Part (b): Find Temperature as a function of x, in steady state.
Part (c): Show heat loss is proportional to r^1.5
Part (d):Assume A = 0, show solution works, and find γ.
Homework Equations
The Attempt at a Solution
Part(a)
dQ = T dS works only for reversible processes.

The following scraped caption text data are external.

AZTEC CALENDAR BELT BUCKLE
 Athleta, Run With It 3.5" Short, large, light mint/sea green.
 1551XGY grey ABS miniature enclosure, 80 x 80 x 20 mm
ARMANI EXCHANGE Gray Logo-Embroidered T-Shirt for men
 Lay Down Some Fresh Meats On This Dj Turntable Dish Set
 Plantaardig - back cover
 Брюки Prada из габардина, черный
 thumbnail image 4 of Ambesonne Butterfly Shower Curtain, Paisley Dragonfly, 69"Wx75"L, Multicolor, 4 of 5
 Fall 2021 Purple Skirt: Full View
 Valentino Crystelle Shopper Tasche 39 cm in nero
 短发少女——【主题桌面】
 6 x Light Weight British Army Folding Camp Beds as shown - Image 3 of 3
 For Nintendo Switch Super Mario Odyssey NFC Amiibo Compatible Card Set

dW = -p dV works only for reversible processes.
Part (b)
In steady state, ##\frac{\partial T}{\partial t} = 0##.
DE becomes:
[tex]k\frac{\partial^2T}{\partial x^2} = \frac{A}{r}(T-T_0)[/tex]
Solving, one obtains:
[tex]T = (T_1-T_0)e^{-\sqrt{\frac{A}{rk}}x} + T_0[/tex]
Part (c)
[tex]P \propto \pi r^2\int R dx \propto r^{\frac{3}{2}}[/tex]
Part (d)
The DE now becomes:
[tex]\rho C_v \frac{\partial T}{\partial t} = k\frac{\partial ^2 T}{\partial x^2} [/tex]
I have subtituted ##T = Bt^{-\frac{1}{2}}e^{-\frac{x^2}{\gamma t}}## and it is a solution, but I can't seem to find an expression for ##\gamma##, as it cancels out on both sides.